Modernism had a complex existence at the start of the 20th century and as we close out this decade, we are now seeing how it is influencing design in our country and building utopia. The influence of modernism is widespread with its interdisciplinary approach across art, design, and architecture. Modernism evokes the spirit of the times and solving everyday problems with design. We have seen mass production take advantage with smart design, aesthetic and form follows function. Grant Featherston’s curl chair shows us how these principles are applied to design a chair that represents domestic relaxation and comfort with moulded plywood chairs that formed around the human body. Featherston’s thinking also expanded into the corporate world as ICI house featured furniture from his collection. Modernism is transforming Melbourne into a complex metropolis and offering access to new and exciting ideas.
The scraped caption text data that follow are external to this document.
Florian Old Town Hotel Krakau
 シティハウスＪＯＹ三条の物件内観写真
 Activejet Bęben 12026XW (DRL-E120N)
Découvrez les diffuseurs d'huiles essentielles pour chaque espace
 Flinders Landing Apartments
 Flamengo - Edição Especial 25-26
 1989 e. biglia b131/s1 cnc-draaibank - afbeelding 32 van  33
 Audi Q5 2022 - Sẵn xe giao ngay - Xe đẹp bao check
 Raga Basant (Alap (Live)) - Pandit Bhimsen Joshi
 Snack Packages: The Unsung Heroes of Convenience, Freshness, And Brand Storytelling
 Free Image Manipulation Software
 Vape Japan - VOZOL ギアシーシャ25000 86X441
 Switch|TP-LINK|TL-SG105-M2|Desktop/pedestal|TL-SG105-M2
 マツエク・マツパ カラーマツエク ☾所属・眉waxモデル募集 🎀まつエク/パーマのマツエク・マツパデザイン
Prior to World War II – ‘interwar’ Melbourne saw a period of styles that included Art-Deco, Moderne, Functionalist, Chicagoesque and Commercial Palazzo; and committee restrictions impacted on the height of buildings that were able to be constructed. This interwar period was possibly Melbourne’s finest period of development coming out of the Great Depression, creating a beautiful city that filled out uniformly. APA Tower in Collins Street ruled the Melbourne skyline for decades at 14 storeys high (76metres to tower pinnacle) fringed the limits that were in place since 1916. Melbourne was ready to break through these restrictions, had just been on the international stage through the 1956 Olympics, we were optimistic to be a modern city.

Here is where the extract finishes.